Cómo Cuba está a punto de derrotar a Estados Unidos

Muchas de las ideas que hoy circulan en Washington encajan perfectamente con posiciones que el gobierno cubano ha sostenido durante años.

Álvaro Fernández nos recordó recientemente en Progreso Weekly que hubo un tiempo en que, entre los exiliados cubanos, la palabra diálogo se convirtió en algo peor que un simple término peyorativo. A partir del decenio de 1970—especialmente tras las primeras propuestas serias de acercamiento entre Washington y La Habana—la mera idea de hablar con el gobierno cubano era tratada como una herejía.

Apareció un nuevo insulto: el término derivado dialoguero.

Ser calificado de dialoguero equivalía a ser acusado de debilidad, de apaciguamiento, incluso de traición. Durante décadas, esa acusación tuvo un enorme peso político dentro de la comunidad del exilio.

La historia, sin embargo, tiene gusto por la ironía.

Porque hoy Estados Unidos busca cada vez más lo mismo que aquellos condenados dialogueros defendían desde el principio: el diálogo con Cuba. Incluso el secretario de Estado Marco Rubio, un extremista de derecha cuyos padres fueron inmigrantes cubanos, parece haberse sumado al desfile.

La primera grieta en el muro apareció durante la administración de Carter. En 1977 Washington y La Habana abrieron Secciones de Intereses en sus respectivas capitales, estableciendo un canal diplomático que había permanecido congelado desde 1961.

La apertura no duró. La política interna en ambos países intervino, y las tensiones de la Guerra Fría en África y Centroamérica endurecieron las posturas de ambos lados.

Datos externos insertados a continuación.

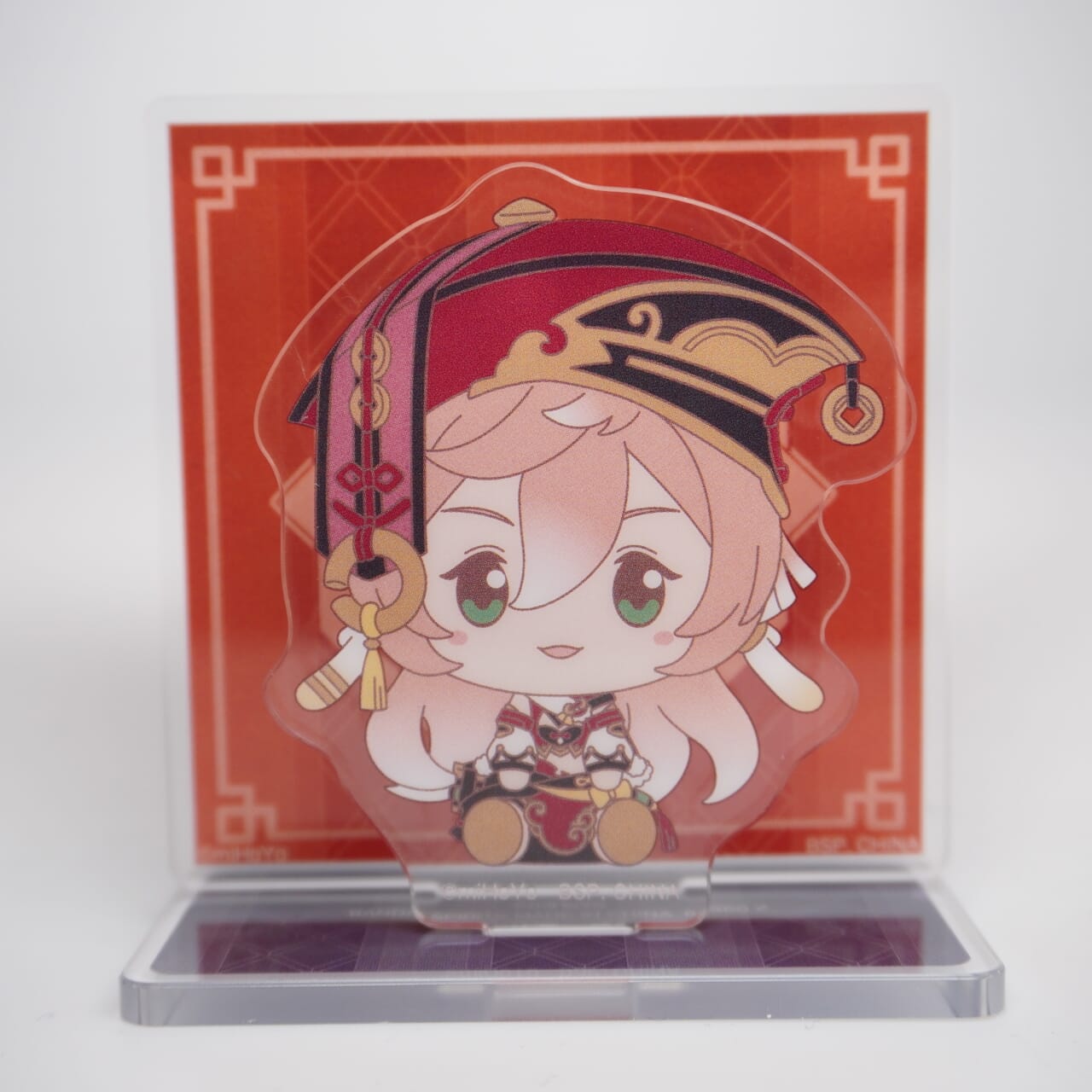 Genshin Impact Yanfei 6cm Aufsteller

Sin embargo, la lógica del contacto nunca desapareció del todo.

Cuando el diálogo era un crimen

Dos décadas más tarde surgió otra apertura. En 1994, en medio de la crisis de los balseros, Estados Unidos y Cuba negociaron acuerdos migratorios que siguen vigentes hasta hoy. Incluso en periodos de hostilidad, ambos gobiernos reconocieron silenciosamente un hecho: hay problemas que no pueden manejarse sin comunicación.

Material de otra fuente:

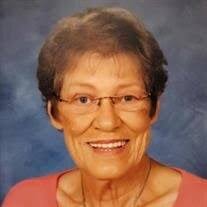 Mrs. Luverne M. Knowles Obituary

Esa misma lógica resurgió durante la administración de Obama. En diciembre de 2014, Obama y Raúl Castro anunciaron simultáneamente la normalización de las relaciones diplomáticas. Se reabrieron embajadas. Se flexibilizaron las restricciones de viaje. Los contactos económicos comenzaron a expandirse.

Por un momento pareció que la Guerra Fría entre Washington y La Habana finalmente llegaba a su fin. Entonces vino Trump y deshizo todo lo que Obama había hecho.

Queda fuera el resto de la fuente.